A chegada das máquinas elétricas representou um alívio até então impensado: era possível datilografar sem a necessidade de usar força nas teclas. Com o teclado de computador, então, chegou-se ao ápice da comodidade. As gerações já criadas com um notebook no colo não conheceram a evolução dos procedimentos. Antes das atuais facilidades propiciadas pelo Word, era necessário aprender a utilizar programas um pouco complicados, como o comercial Carta Certa. Olhada com os olhos de hoje, a pré-história do computador, em terras tupiniquins, foi um terror absoluto. A Linguagem Fortran, muito utilizada nas ciências sociais, implicava conhecer lógica clássica com a profundidade de um filósofo grego. Para obter-se um único dado estatístico, cujas informações primárias eram registradas em cartões perfurados, tornava-se necessário um profundo planejamento logístico. Quem passou por tudo isto, inclusive pela fase em que os teclados não possuíam os acentos utilizados em português, e precisava fazer malabarismos para digitar coisas como um simples “ç”, considera os dias atuais como o próprio Nirvana. Mas a evolução não pára. Estão aí os teclados virtuais das telas touchscreen (telas sensíveis ao toque).

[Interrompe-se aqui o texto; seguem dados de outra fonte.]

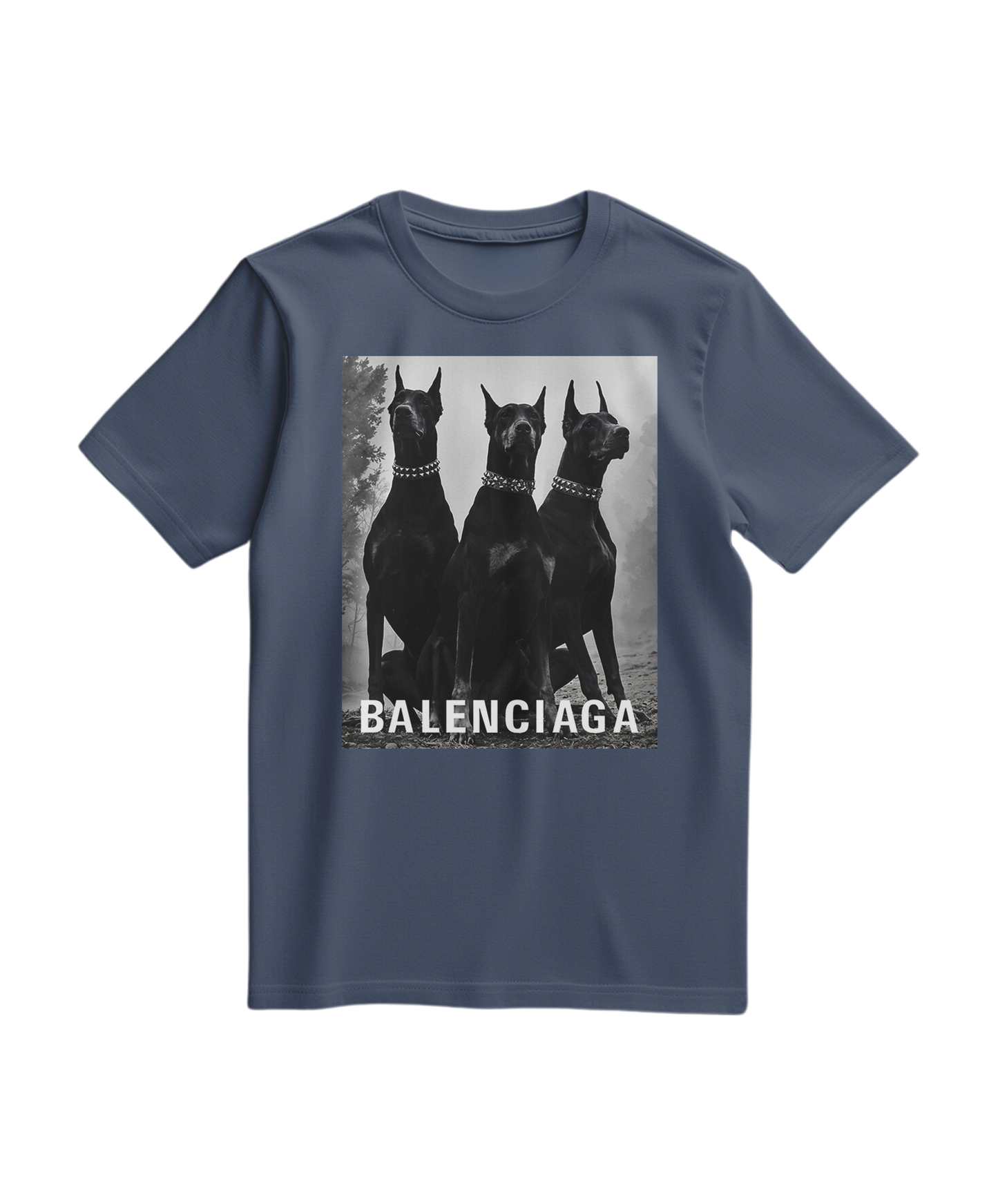 Camiseta Sentinel Vanguard Noir da Camalestore, camiseta azul escura com estampa moderna e detalhes gráficos na frente.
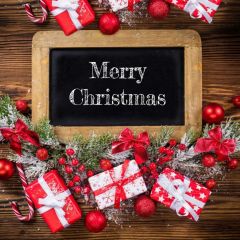 Present Plant Ball Board Photography Scenery Backdrop Christmas Theme Banner IYC-672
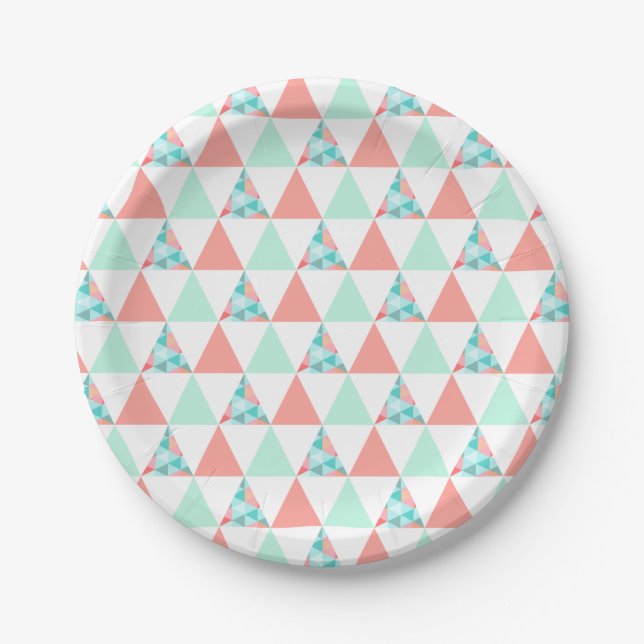 Geometric Triangles Mint Green Coral Pink Pattern Paper Plate (Front)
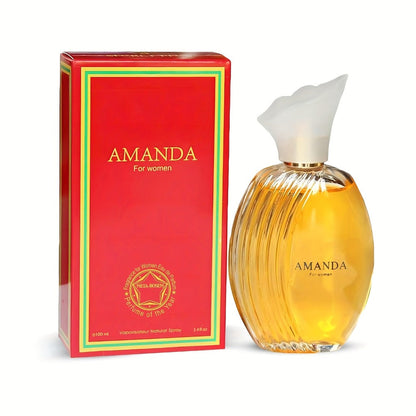 AMANDA Women's Eau de Parfum Spray, 100 ml Oval Amber Bottle with White Flower Cap and Red Gift Box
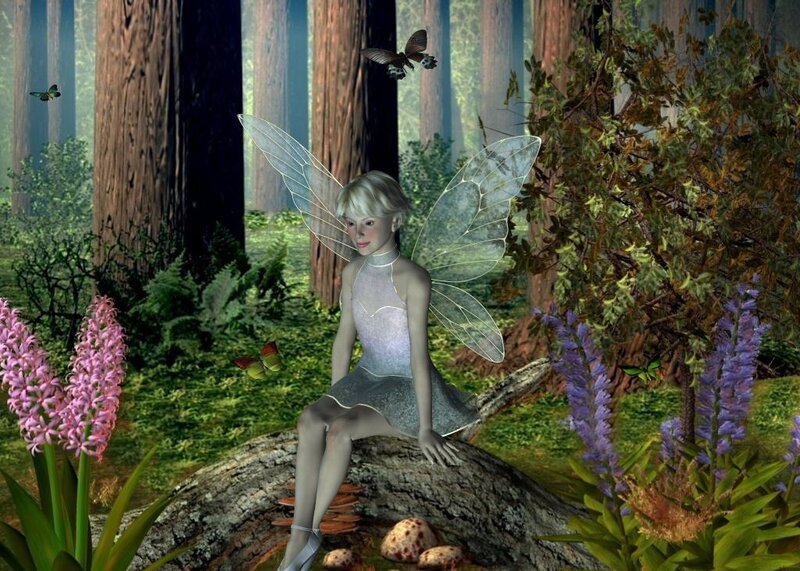 Fairy Sitting on Log — Green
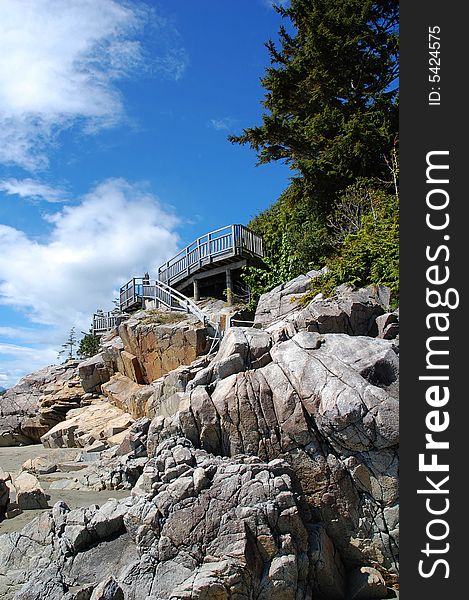 Seaside rock and ladder in pacific rim national park, vancouver island, british columbia, canada. Seaside rock and ladder in pacific rim national park, vancouver island, british columbia, canada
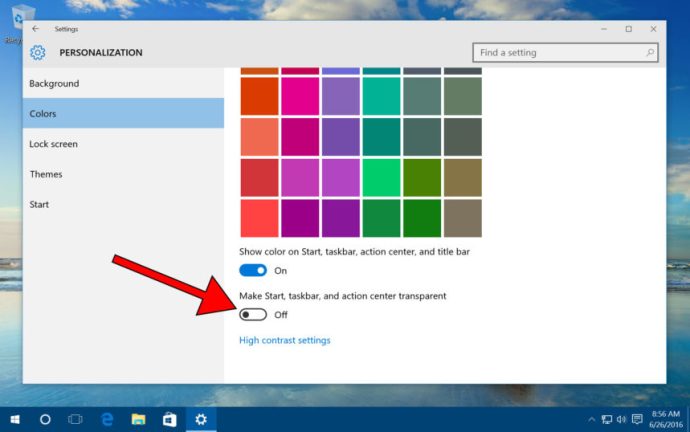 Windows 10 rend la barre des tâches de démarrage transparente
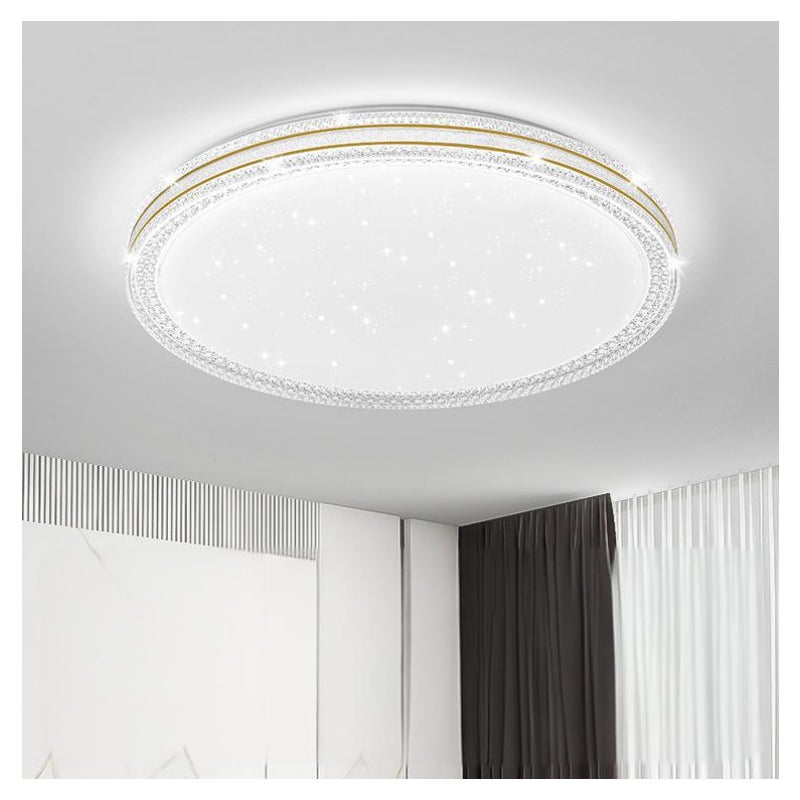 Kryształowa lampa sufitowa LED 48 W, nowoczesna lampa sufitowa LED, okrągły żyrandol LED energooszczędny, światło białe 6000 K, φ 40 cm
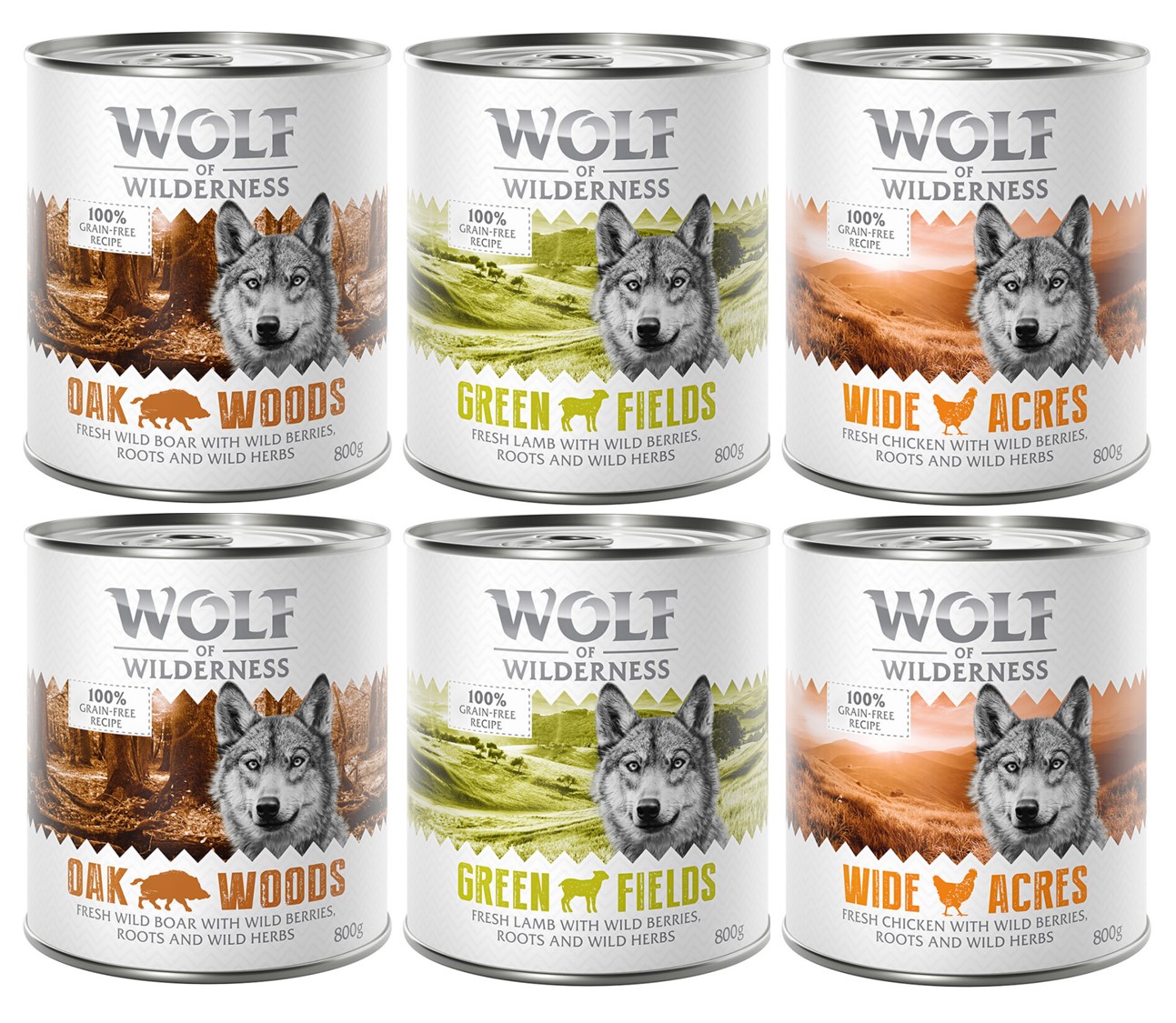 10% taniej! Wolf of Wilderness, karma mokra dla psa, 6 x 800 g - Mieszany pakiet próbny Adult: Dzik, kurczak, jagnięcina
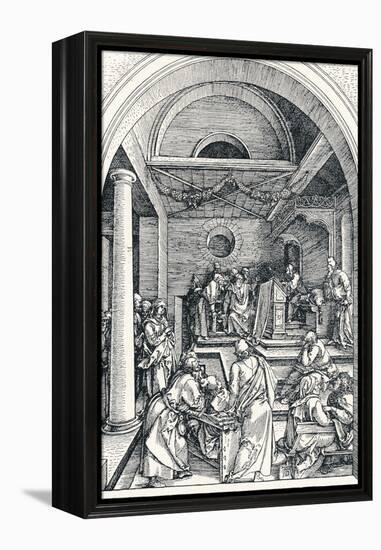 Christ Among the Doctors, 1506-Albrecht Dürer-Framed Premier Image Canvas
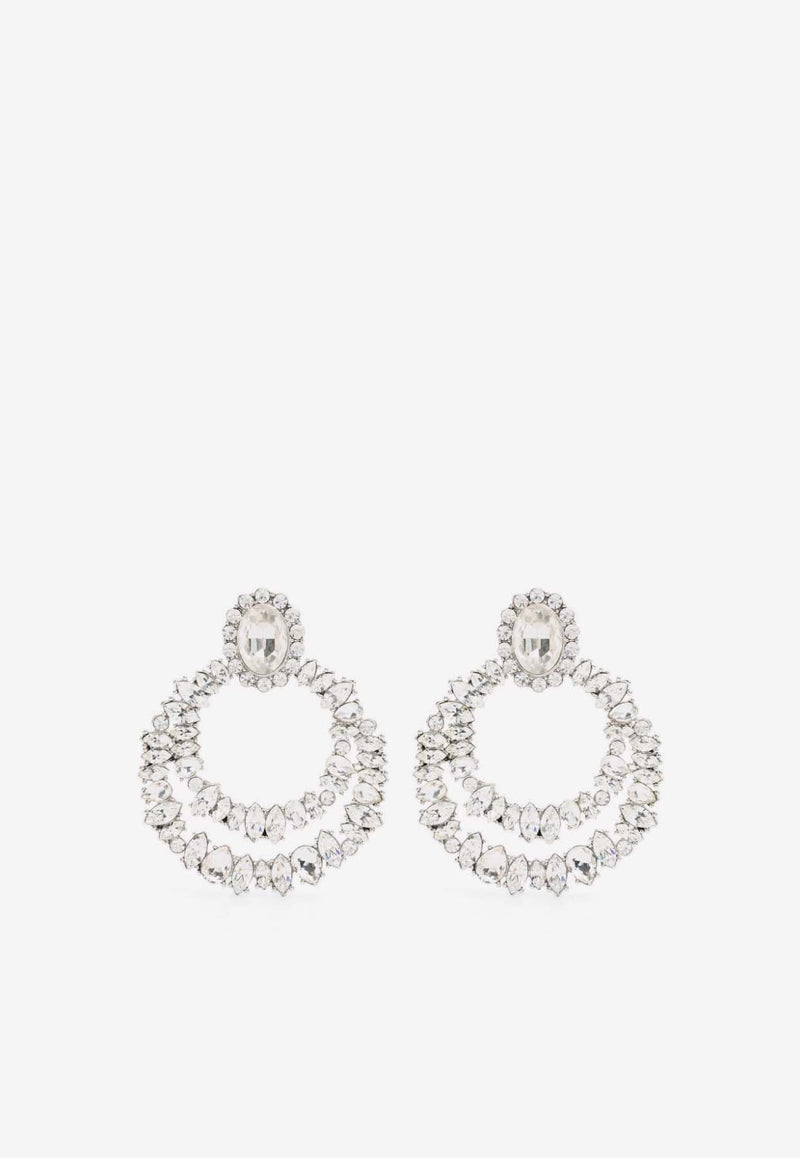 Crystal Embellished Double-Hoop Earrings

As freirinhas não resistiam às tentações da carne

Mas, a presença das religiosas em Lavras do Sul durou poucos anos. Encerrou-se no começo dos anos 60. Mesmo depois de sua partida, Irmã Beatriz permaneceu na cidade. Dedicou-se inicialmente ao SAMA – Serviço de Assistência aos Menores Abandonados, mais tarde transformado em Casa da Criança. Pela sua total dedicação ao ideal de bem servir ao próximo, com certeza seu caminho para o céu já está belissimamente pavimentado e ornamentado.

-oO)(Oo-

3 comentários:

Rosamaria disse...

Raimundo, eu não sei de onde tiras essas fotos antigas e que dão tanta saudade na gente. Teu acervo deve ser fantástico.
A Irmã Cecília, a pretinha bem à direita, era o meu xodó e naquela época queria ser freira por causa dela. Fiquei emocionada. Obrigada mais uma vez por me levar àquele tempo.
Um abraço.

Eduardo Ramos disse...

Pois é Tadeu: veja o quanto essa geração passou em se tratando de mudanças rápidas. Não sei como demos conta!!!!

Eduardo Ramos disse...

Pois é Tdeu. Não sei como demos conta de tantas mudanças!!!!